Dunno if I can really help. You sure you tried all your classmates? Some people can seem aloof when they are really just shy, and sometimes you have to make the first move. Don't a bad experince or two put you off.

Can you switch your minor and major around or anything like that? That could help, im sure you could endure minoring in comps. 

Otherwise I guess you might as well just try and do enough to get by and keep focusing on the fact the end is relatively near.


----------



## Farideh (Nov 13, 2011)

I hated my classmates and professors in culinary. Everyone talked **** about each other. It was like I was back in high school except surrounded by adults. Mega BS.


----------



## IntrovertedLoner (Aug 23, 2014)

ShadowOnTheWall said:


> Dunno if I can really help. You sure you tried all your classmates? Some people can seem aloof when they are really just shy, and sometimes you have to make the first move. Don't a bad experince or two put you off.
> 
> Can you switch your minor and major around or anything like that? That could help, im sure you could endure minoring in comps.
> 
> Otherwise I guess you might as well just try and do enough to get by and keep focusing on the fact the end is relatively near.


I only have a few minor subjects remaining, so after this semester, I have to take my thesis and I still don't have any idea on what I will propose since the CS students here have to propose something that is not existing yet (unlike in the IT or other course you can propose innovations and not something brand new, which is hard)! :| Oh, I've tried talking to almost everyone in the class. When I tried approaching them, I really feel that they really don't like me since I can sense it by talking to them or seeing by their facial expressions / reactions / the way the behave or speak if you know what I mean, so please understand. If anyone is planning to study here in my university, then this college is not for introverts like me so don't enroll here. I cannot transfer anymore, too bad! :[ The only option I have is to continue *miserably* or stop/drop-out for good! :no



Farideh said:


> I hated my classmates and professors in culinary. Everyone talked **** about each other. It was like I was back in high school except surrounded by adults. Mega BS.

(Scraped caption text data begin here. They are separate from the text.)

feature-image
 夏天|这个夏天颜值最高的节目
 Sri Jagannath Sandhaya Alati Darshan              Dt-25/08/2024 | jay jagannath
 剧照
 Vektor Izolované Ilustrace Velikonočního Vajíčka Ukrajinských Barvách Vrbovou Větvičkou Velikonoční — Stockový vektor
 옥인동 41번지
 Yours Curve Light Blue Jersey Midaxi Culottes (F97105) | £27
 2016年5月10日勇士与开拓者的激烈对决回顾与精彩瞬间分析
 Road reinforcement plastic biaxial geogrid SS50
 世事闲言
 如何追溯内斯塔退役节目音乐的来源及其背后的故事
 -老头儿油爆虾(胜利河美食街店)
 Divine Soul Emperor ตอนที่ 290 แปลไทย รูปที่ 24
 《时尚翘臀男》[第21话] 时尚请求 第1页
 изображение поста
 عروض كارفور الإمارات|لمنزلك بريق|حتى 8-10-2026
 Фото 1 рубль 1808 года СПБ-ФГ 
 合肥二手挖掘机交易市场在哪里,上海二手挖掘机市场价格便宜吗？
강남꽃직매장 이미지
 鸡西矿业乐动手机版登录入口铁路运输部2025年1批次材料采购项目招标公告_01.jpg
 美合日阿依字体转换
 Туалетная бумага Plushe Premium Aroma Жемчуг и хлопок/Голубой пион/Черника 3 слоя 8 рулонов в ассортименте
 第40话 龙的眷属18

What a coincidence! The audience in the pageant last week are culinary students! Their course is CIHM to be exact, but it's culinary /food related! Yeah, the attitude of the majority of the students here in this college / university are like high school (or elementary) people so they are really annoying, immature people! :/

* I hope both of you have also read my story about the pageant, which is my 2nd post to this thread. By the way, there is a community service which is a group work of mine that will be held this weekend and my group mates are kinda fake to me when I talk to them or when they talk me... I'm planning to be on my own this finals since my group mates seem to dislike me if they feel awkward to me even if I've tried talking to them... :| I hate being surrounded by fake people! :/


----------